Merger News and What It Means to Me

So have you heard the news?

Monsanto is selling itself to Bayer for somewhere between $57 and $66 billion dollars, depending on whose reporting you believe.  You can believe in any case that should this deal come to pass, we are all, and I mean we in the global sense, not we in the homesteading bunch sense, we are all in trouble.

So why is this a scary deal?
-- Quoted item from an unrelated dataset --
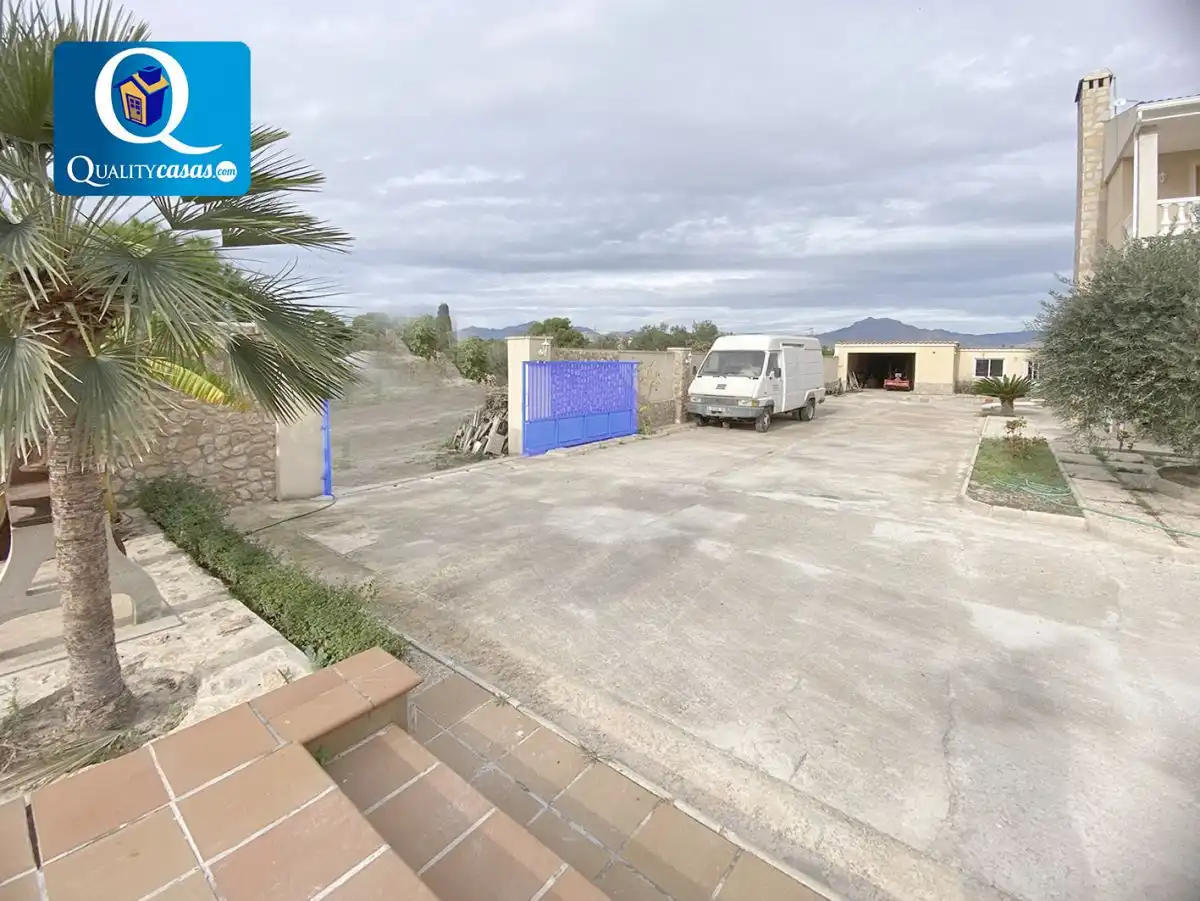 Parking of Houses for sale in Mutxamel  with Terrace and Storage room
These articles from Vox, Common Dreams, and The Wall Street Journal all explain it better than I can.

The articles also indicate that there were other agribusiness giants who merged recently, and that was news that largely went uncovered.

I guess I'd better get more serious about saving seed.  And, in light of the fact that I just found out that my new favorite bush bean, Wyatt, was produced by Harris Moran, which is another large (but not giant) seed company, I'll be looking into heirloom seeds for next year's seed purchases.  I'll also look at Seeds From Italy, who is the only US distributor of Franchi seeds.  Franchi is the oldest family-owned seed company in Italy, and is a member of the Safe Seed Initiative, which means that they are pledged to never knowingly buy or sell genetically modified seeds or plants.  I also like Franchi because they are generous with their seed, it germinates extremely well, and I find them to be a good value.
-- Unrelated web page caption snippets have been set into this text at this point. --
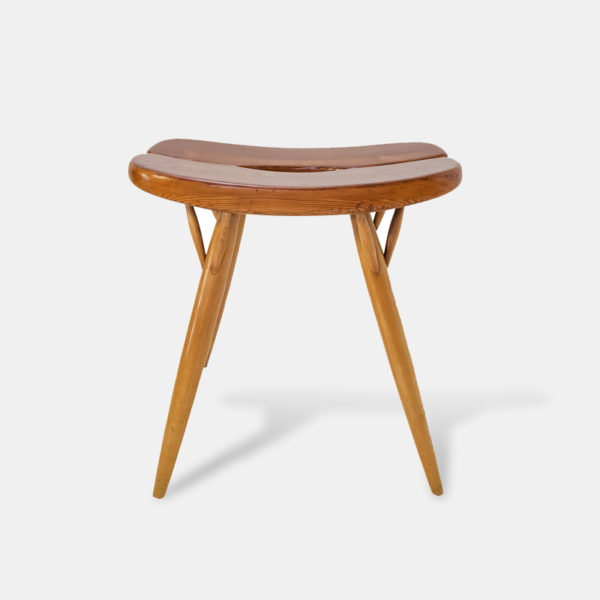 Tabouret vintage des années 50 en pin et bouleau massif signé Ilmari Tapiovaara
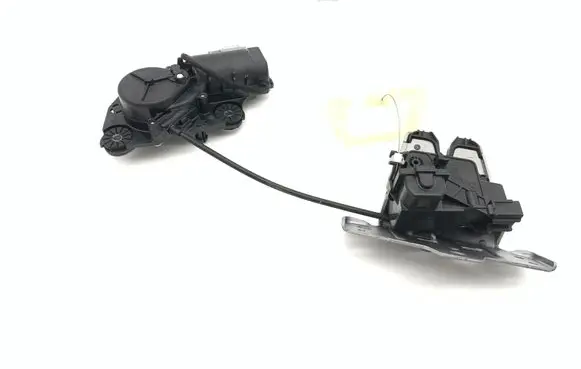 Volvo S90, V90 Tailgate/trunk/boot lock/catch/latch 31675410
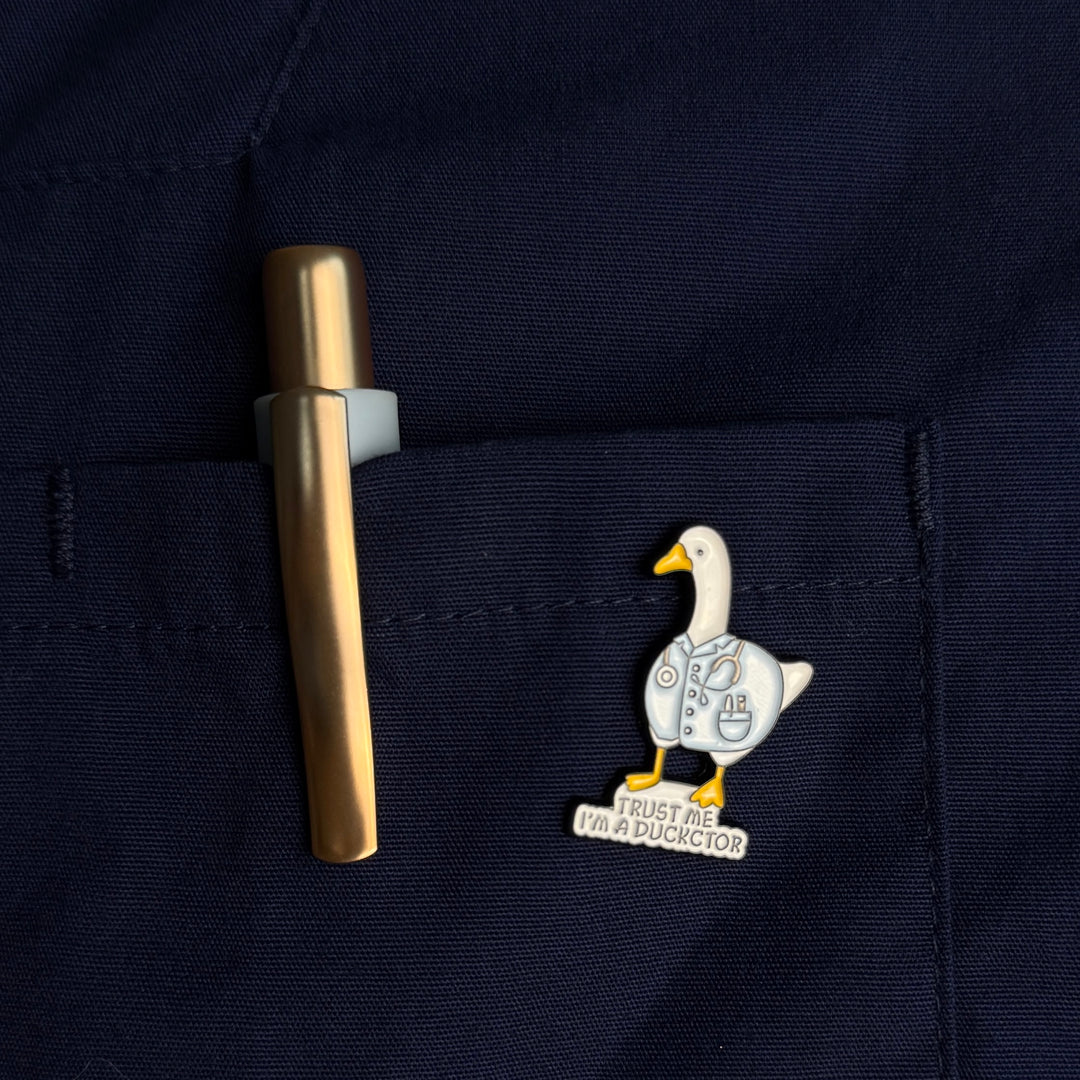 Brosche "duckctor"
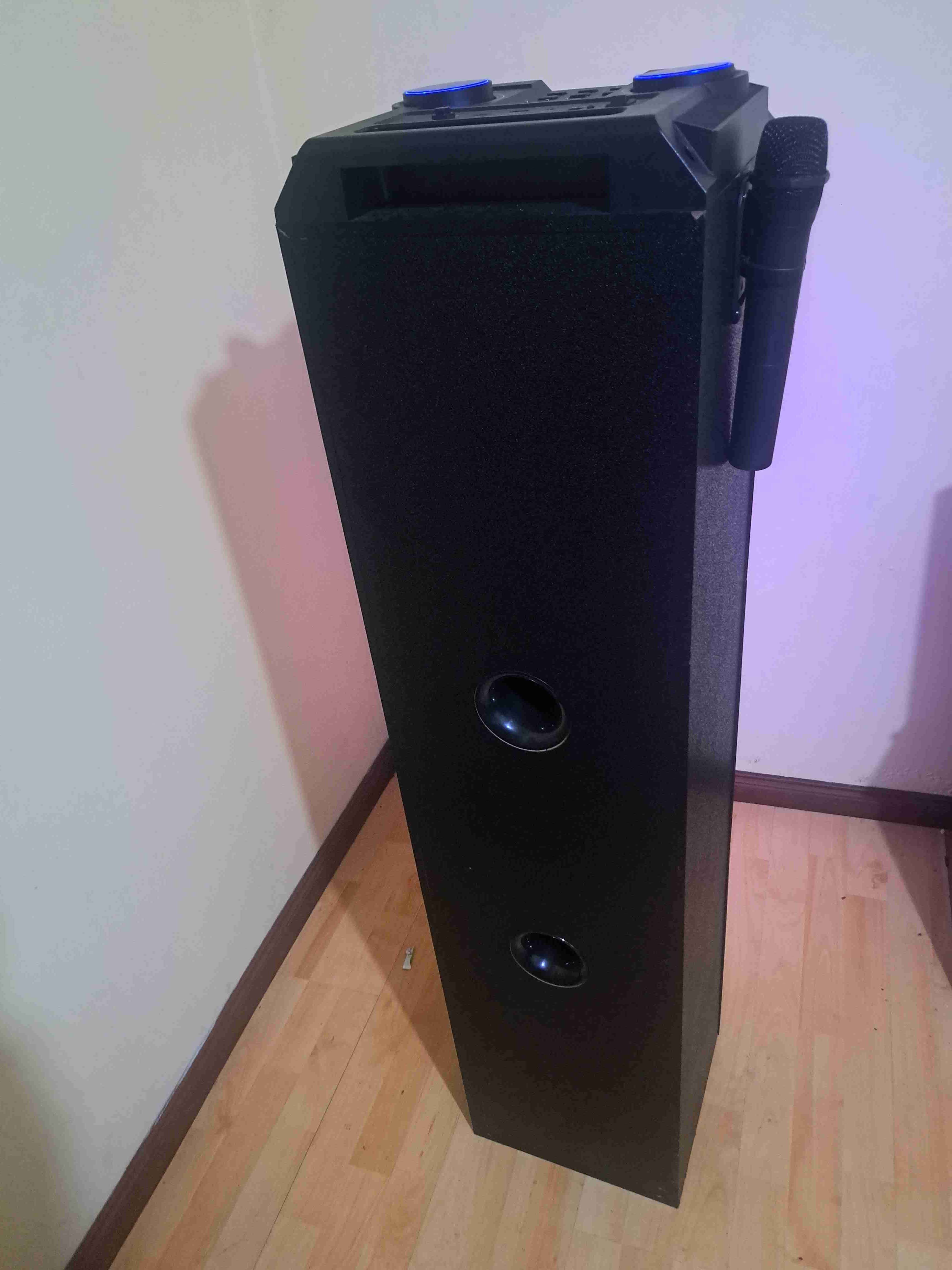 Parlante torre con luces LED - 3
I guess this also means that I'll have to get more serious about growing more of our food.

I'll be honest; learning I have an auto-immune disorder and that I can't eat a great many vegetables that I love to grow and eat really affected me.  It kind of blew all the wind out of my homesteading sails, which is why I haven't written much this year, probably because I haven't grown much this year.  In February I had an expensive (as in $580 out of pocket) series of blood tests that told me what I can and can't eat, and a lot of favorite vegetables were on the Can't list.  I can't eat cooked onions (or shallots or leeks) but I can eat cooked and raw garlic (thank God for one allium!); I can't eat summer or winter squash, which is a huge bummer because I loved to grow both. Now there's no point.  I can't eat Brussels sprouts (so I guess I can quit worrying about trying to grow them- I never could get it right) but I can eat broccoli and cabbage. However, they didn't test kale, or kohlrabi, or other brassicas. They also didn't test turnips or rutabagas, or parsnips, or fennel, or a whole bunch of other stuff, which means that once I get my symptoms under control, on which I've been working since getting the tests done, I can try testing other vegetables to see how I react to them, with the intention of growing anything that it turns out I can eat.

But yeah- Monsanto and Bayer merging means that food costs are likely to go up in the future. They are anyway, but this will help push that eventuality along.

Makes me glad I have some of my own soil to root around in.

1 comment:

Leigh said...

This is the old "no news is good news." Actually I've been wondering if they haven't been doing something to the seeds they sell to cause problems. It seems home gardeners are having more trouble these past several years trying to grow their own food.